━━ Provided data ━━

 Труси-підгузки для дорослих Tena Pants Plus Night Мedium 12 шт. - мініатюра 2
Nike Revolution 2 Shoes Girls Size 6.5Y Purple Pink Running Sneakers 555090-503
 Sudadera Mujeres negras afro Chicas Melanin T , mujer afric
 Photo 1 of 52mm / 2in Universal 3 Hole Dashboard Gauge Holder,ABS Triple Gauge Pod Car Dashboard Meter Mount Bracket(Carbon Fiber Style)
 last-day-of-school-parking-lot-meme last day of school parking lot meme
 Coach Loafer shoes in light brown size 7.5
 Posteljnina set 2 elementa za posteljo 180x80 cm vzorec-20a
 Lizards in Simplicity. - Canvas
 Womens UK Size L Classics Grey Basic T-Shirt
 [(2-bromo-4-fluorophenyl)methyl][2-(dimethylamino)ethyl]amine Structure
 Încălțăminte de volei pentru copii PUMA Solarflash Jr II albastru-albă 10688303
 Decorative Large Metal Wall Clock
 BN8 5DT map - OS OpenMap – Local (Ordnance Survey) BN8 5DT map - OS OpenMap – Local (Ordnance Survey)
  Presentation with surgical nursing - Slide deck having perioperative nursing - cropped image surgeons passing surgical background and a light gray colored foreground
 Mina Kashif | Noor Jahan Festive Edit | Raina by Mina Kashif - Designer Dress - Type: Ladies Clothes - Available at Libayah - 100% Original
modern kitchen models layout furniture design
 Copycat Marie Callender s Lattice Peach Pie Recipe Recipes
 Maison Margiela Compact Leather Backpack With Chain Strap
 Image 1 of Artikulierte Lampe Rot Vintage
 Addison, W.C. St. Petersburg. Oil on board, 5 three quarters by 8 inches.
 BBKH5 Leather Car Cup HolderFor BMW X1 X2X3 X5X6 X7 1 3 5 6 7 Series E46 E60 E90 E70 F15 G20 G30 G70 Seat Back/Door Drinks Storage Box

━━━

● About this exercise
Write down again, exactly as given, only the lines above that fall from the line with "Mina Kashif |" to the line with "Image 1 of Artikulierte Lampe Rot Vintage", inclusive.

● Answer for this exercise
 Mina Kashif | Noor Jahan Festive Edit | Raina by Mina Kashif - Designer Dress - Type: Ladies Clothes - Available at Libayah - 100% Original
modern kitchen models layout furniture design
 Copycat Marie Callender s Lattice Peach Pie Recipe Recipes
 Maison Margiela Compact Leather Backpack With Chain Strap
 Image 1 of Artikulierte Lampe Rot Vintage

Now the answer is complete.